ATLANTIC CITY, N.J. – Two new casinos proposed for northern New Jersey near New York City could save, or destroy, Atlantic City, panelists at a major casino conference said Thursday.
Speaking at the East Coast Gaming Congress and iGaming Institute, proponents praised the proposed casinos as the last, best chance to save Atlantic City, because they would send $200 million a year — for a time — to the struggling seaside resort.
But Atlantic City casino officials say the new in-state competition could cause three to five of the surviving eight casinos there to shut down.
“Mark it down in your pads today: It’s going to happen,” Resorts Casino Hotel president Mark Giannantonio said.
He also said New Jersey adding casinos on New York City’s doorstep will force New York State to add its own casinos in Manhattan, or nearby.
“The second these two new casinos open in north Jersey, New York City will retaliate violently,” he said.
New Jersey voters will decide in November whether to authorize two new casinos in the northern part of the state. Locations are not specified, but the two leading contenders are at the Meadowlands Racetrack in East Rutherford, where the NFL’s New York Jets and Giants play, and in Jersey City, where Reebok magnate Paul Fireman proposes a casino resort worth about $5 billion.
Fireman said his project is about luring tourists from New York City, not Atlantic City.
“My intention is 40 to 50 per cent of our customers will come by water” across the Hudson River, he said. “We intend to take the money out of New York instead of New York taking money out of New Jersey.”

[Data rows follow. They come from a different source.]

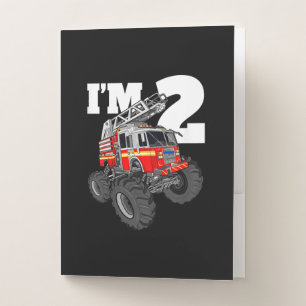 Kids Monster Fire Truck 2nd Birthday Boy 2 Toddler Pocket Folder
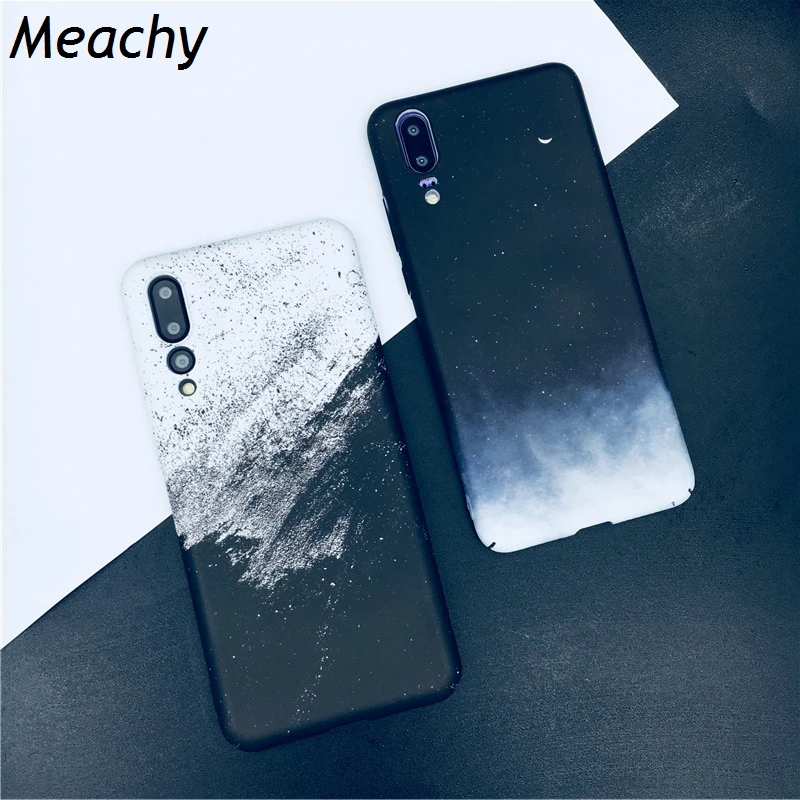 

Meachy Sand Paint Simple Phone Case For Huawei P20 P30 Pro Lite Honor V20 V10 10 Lite 9 9i 8X Mate 20 Pro Hard White Black Cover
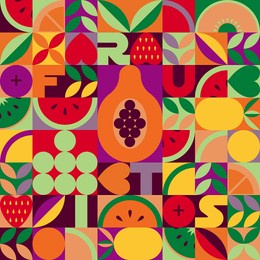 vintage retro fruit vector seamless pattern. abstract geometric shape ornament with leaves, fruits and berries. modern stylish background for home and textile print, tile, wallpaper and wrapping
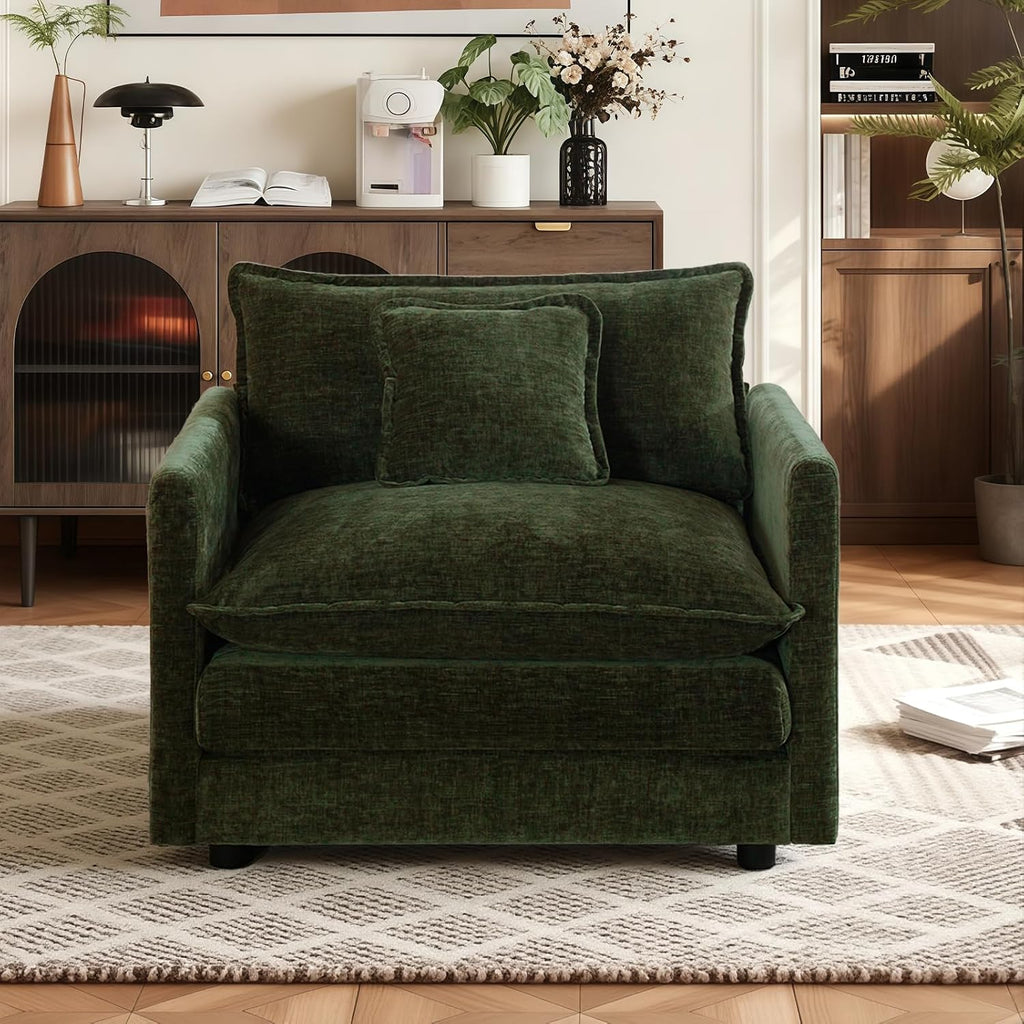 SoarFlash Chenille Single Seat Sofa, with Armests, Green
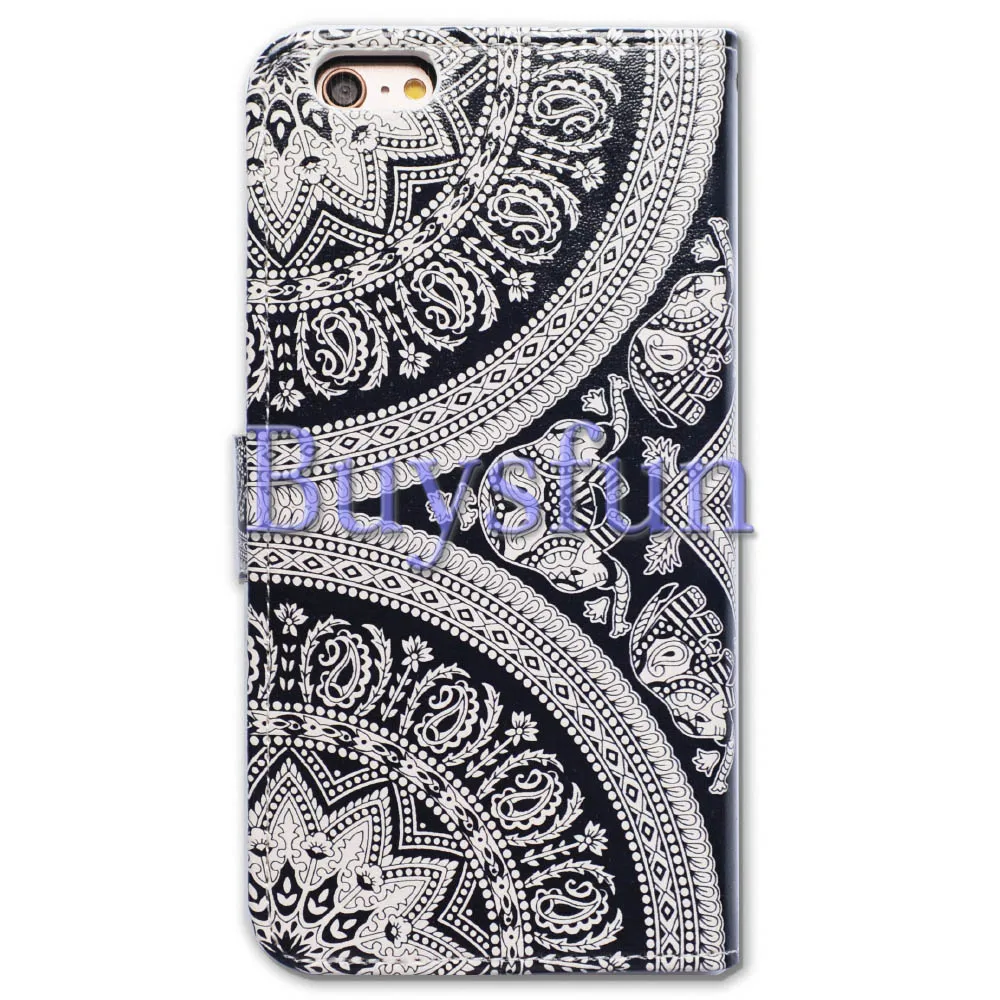 Bcov Белый Круговой Мандала дело Бумажник Кожаный Чехол Для iphone 6 plus/6 S Plus 100019789 |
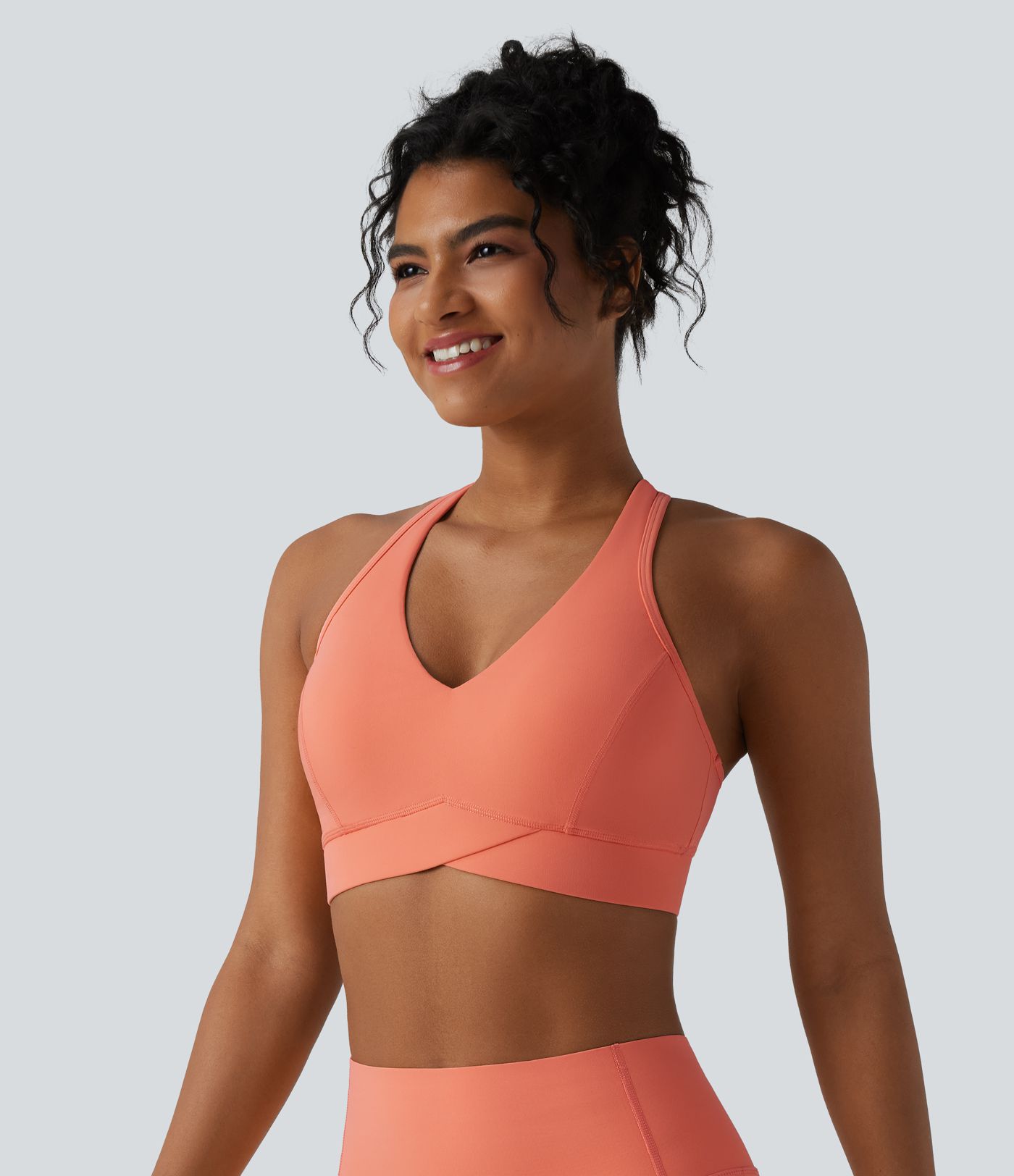 Halara UltraSculpt™ Medium Support V Neck Racerback Training Sports Bra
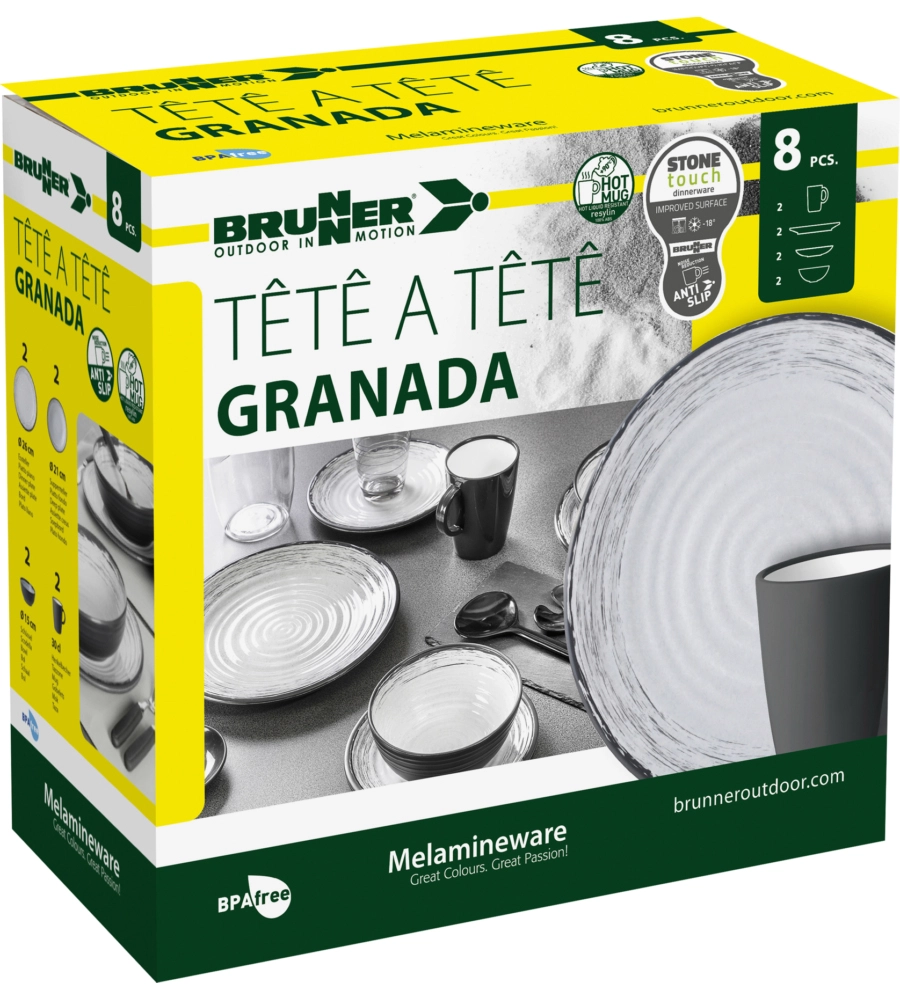 SET 8 STOVIGLIE DA CAMPEGGIO BRUNNER "GRANADA" IN STONE TOUCH ANTISCIVOLO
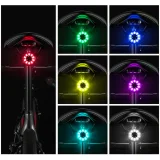 Lumină spate pentru bicicletă Q1, LED stroboscopic cu 7 culori + cablu USB-C la USB-A - negru 3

It would include a 60-to-80-story hotel tower and nine restaurants adjacent to a golf course in the shadow of the New York skyline.
Analysts say the proposed new casinos could be among the most successful in the nation — at least until one or more open in New York City. Opponents fear the new north Jersey casinos will kill much of what is left of Atlantic City.
“We are in an oversaturated market, and the way we’re going to help Atlantic City is to build another casino to compete with it?” asked state Assemblyman Chris Brown, an Atlantic City-area Republican.
Jeff Gural, who operates the Meadowlands Racetrack and proposes a casino there, scoffed at opponents’ predictions of massive additional Atlantic City casino closures.
“Are they serious saying three to five casinos would close?” he asked. “Seriously? That’s crazy. The people that do those studies are the same ones who decided it would be a good idea to open Revel.”
He was referring to Atlantic City’s most spectacular casino failure, the $2.4 billion Revel resort that closed after just over two years of never having turned a profit.
Gural also said the current proposal for north Jersey casinos is Atlantic City’s best bet to help itself through the casino revenue the northern casinos would send to the city.
Gural said if this fall’s referendum fails, a new one will likely be proposed in two years, but without any aid being diverted to Atlantic City.